Exercise aim >> Take the records below and set down exactly the lines from the one with "Brown and white" to the one with "Calças de ganga mom fit com strass", ends included; do not copy the pictures.

Supplied data >>
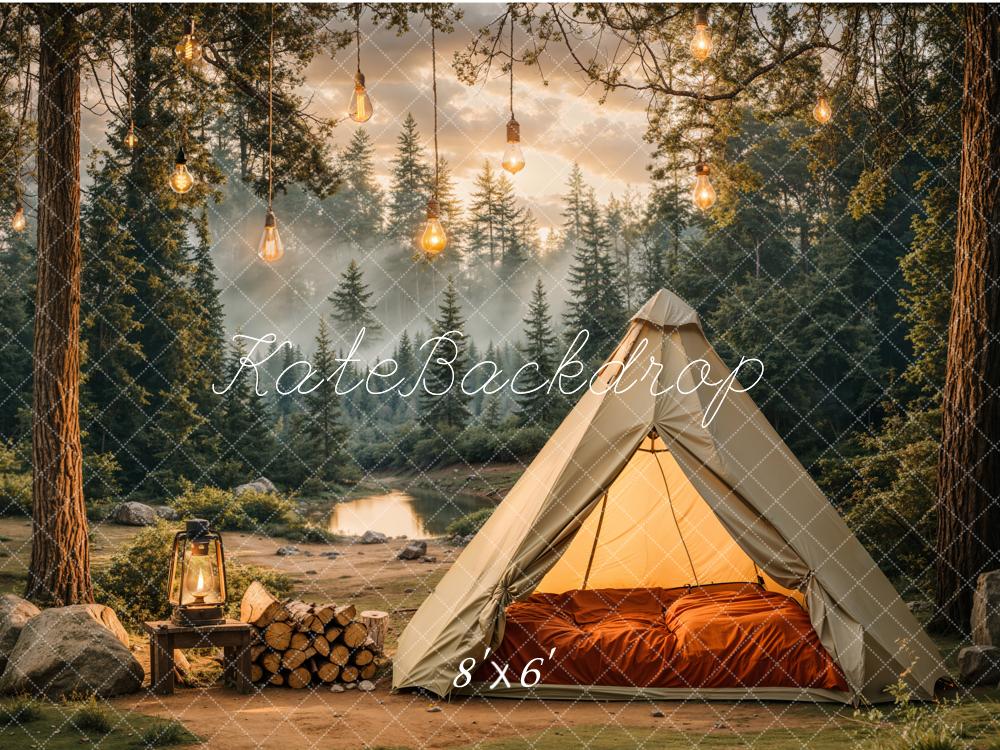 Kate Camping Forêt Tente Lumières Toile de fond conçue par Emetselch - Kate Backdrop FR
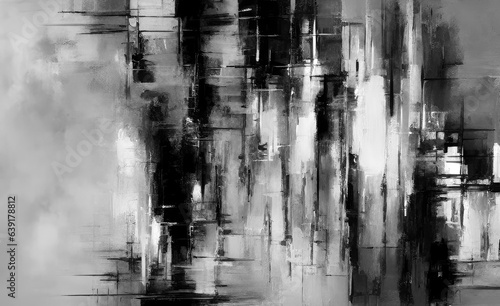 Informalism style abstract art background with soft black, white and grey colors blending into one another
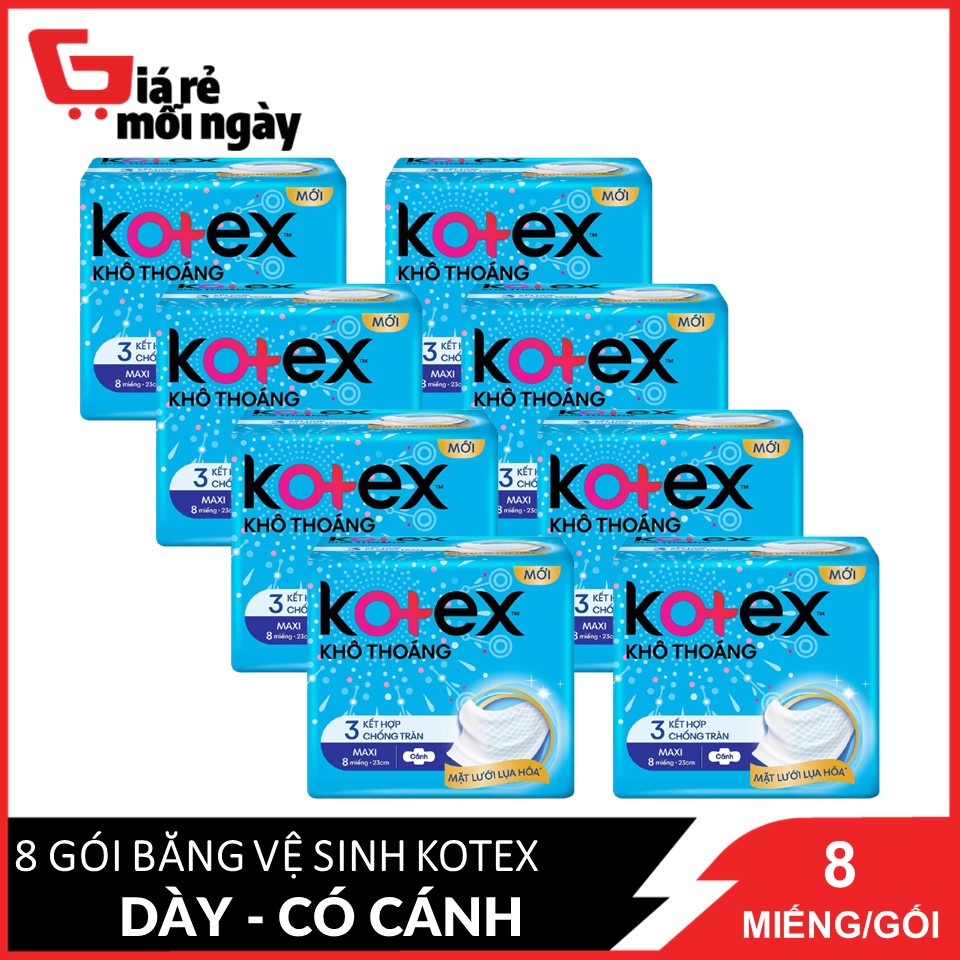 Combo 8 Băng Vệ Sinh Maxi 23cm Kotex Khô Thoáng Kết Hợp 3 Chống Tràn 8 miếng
...
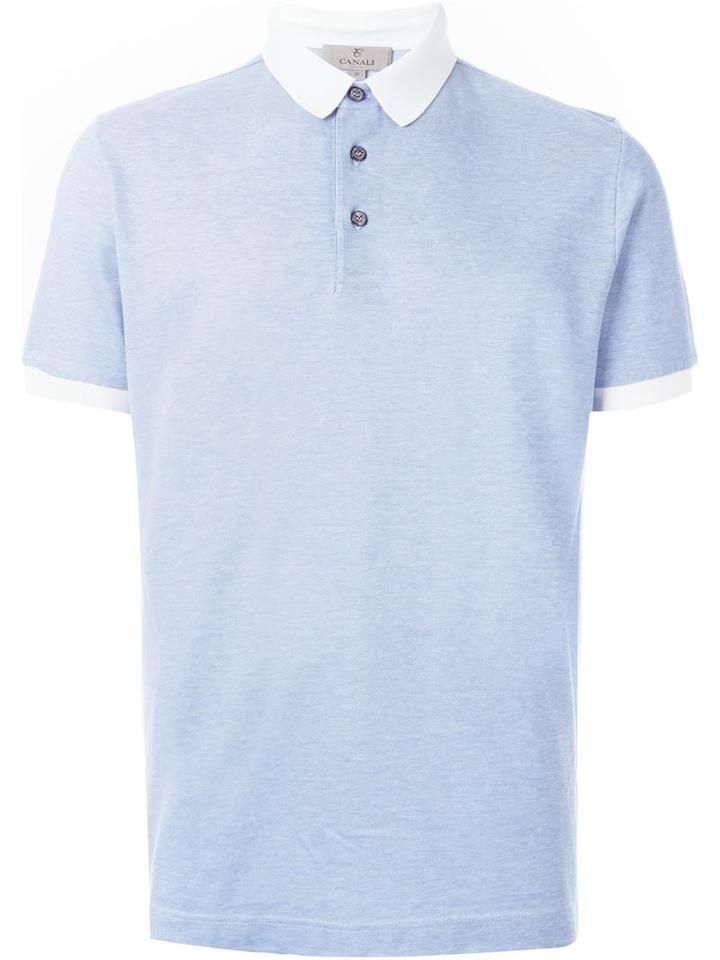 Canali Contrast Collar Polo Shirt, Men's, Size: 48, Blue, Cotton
---
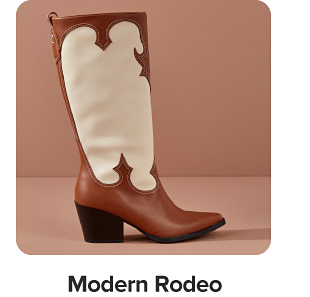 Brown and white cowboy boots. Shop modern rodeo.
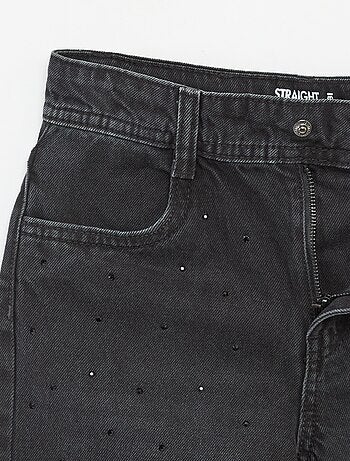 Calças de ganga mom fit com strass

Written answer >>
 Brown and white cowboy boots. Shop modern rodeo.
 Calças de ganga mom fit com strass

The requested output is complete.